Robert Reich breaks down the distinct change in balance of power between large corporations and the government

Robert Reich, the former United States Secretary of Labor, is expressing concern about the shift in the balance of power between the U.S. governnent and corporations while explaining the country's failure to properly regulate businesses.
Reich began with a brief overview of the government's regulation of businesses and how it ultimately enter subsidization.
"From 1932 through the late 1970s, the government mainly regulated businesses.

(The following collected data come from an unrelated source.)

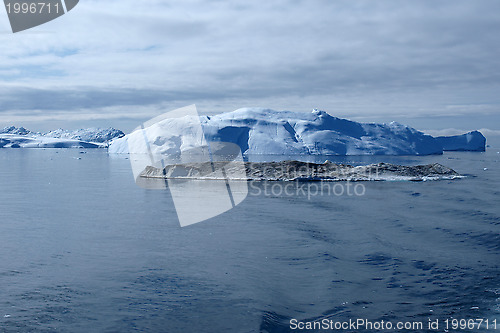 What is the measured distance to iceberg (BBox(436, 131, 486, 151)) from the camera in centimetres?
13575

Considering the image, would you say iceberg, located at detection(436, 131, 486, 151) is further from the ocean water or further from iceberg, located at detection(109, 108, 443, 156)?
the ocean water

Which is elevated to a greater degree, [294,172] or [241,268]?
[294,172]

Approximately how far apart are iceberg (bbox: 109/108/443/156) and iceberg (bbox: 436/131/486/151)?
15842 millimetres

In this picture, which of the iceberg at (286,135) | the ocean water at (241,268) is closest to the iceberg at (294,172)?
the ocean water at (241,268)

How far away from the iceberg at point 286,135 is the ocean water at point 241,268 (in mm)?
86688

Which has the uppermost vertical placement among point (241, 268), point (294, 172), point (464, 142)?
point (464, 142)

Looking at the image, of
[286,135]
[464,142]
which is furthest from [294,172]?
[464,142]

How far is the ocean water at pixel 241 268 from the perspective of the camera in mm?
8766

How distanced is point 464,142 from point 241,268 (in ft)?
473

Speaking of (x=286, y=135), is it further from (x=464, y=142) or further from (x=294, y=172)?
(x=294, y=172)

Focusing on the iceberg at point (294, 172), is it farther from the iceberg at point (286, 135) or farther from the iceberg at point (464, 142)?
the iceberg at point (464, 142)

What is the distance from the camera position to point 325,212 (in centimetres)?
2305

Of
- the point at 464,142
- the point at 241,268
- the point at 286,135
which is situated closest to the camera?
the point at 241,268

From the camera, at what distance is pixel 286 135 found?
116 metres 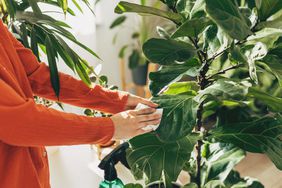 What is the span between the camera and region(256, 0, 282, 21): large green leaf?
62 centimetres

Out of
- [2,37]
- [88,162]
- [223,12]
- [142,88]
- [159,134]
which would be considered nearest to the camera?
[223,12]

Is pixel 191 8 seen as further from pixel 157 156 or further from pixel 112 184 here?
pixel 112 184

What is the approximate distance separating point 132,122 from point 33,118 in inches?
7.6

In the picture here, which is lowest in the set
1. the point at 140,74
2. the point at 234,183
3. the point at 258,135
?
the point at 140,74

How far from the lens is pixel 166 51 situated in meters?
0.72

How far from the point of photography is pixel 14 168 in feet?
2.61

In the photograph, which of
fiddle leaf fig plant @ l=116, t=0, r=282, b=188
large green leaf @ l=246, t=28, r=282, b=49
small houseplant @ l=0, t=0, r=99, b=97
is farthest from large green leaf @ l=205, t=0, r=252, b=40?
small houseplant @ l=0, t=0, r=99, b=97

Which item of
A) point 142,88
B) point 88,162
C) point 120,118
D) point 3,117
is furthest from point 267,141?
point 142,88

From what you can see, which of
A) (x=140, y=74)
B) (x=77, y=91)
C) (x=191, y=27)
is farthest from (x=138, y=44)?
(x=191, y=27)

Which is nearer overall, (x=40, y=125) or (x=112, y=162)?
(x=40, y=125)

This was the era of the alphabet soup of regulatory agencies begun under Franklin D Roosevelt (the SEC, ICC, FCC, CAB, and so on) culminating in the EPA of 1970," Reich wrote.
"The government still regulates businesses, of course," he added, "but the biggest thing the federal government now does with businesses is subsidize them."
He went on to offer a comparison of decisions made by present-day president's in comparison to the years prior to the 80s.
Highlighting President Joe Biden’s recent accomplishments including the Chips and Science Act, the Infrastructure Investment and Jobs Act, and the Inflation Reduction Act, he noted that: "This shift from regulation to subsidy has characterized every recent administration."
He also recalled other executive decisions along the same lines.
"Trump’s Operation Warp Speed delivered $10bn of subsidies to Covid vaccine manufacturers," he wrote.
Recalling similar orders under former President Barack Obama, Reich also pointed out: "Obama’s Affordable Care Act subsidized the healthcare and pharmaceutical industries (indirectly, through massive subsidies to the buyers of healthcare and pharmaceuticals)."
He added, "Obama spent about $489bn bailing out the financial industry (and, notably, never fully restored financial regulations that previous administrations had repealed), as well as GM and Chrysler."
According to Reich, prior to the 1980s, the U.S. governnent would have likely taken a different approach. Instead of subsidizing sectors, he insists the government likely would have regulated them.
Reich went on to explain the shift from regulation to subsidization when he wrote, "Why the big shift? Because of the change in the balance of power between large corporations and the government."
He concluded, "In truth, the three decades-long shift in power to big corporations has transformed industrial policy into a system for bribing them to do the sorts of things government once demanded they do as the price for being part of the American system."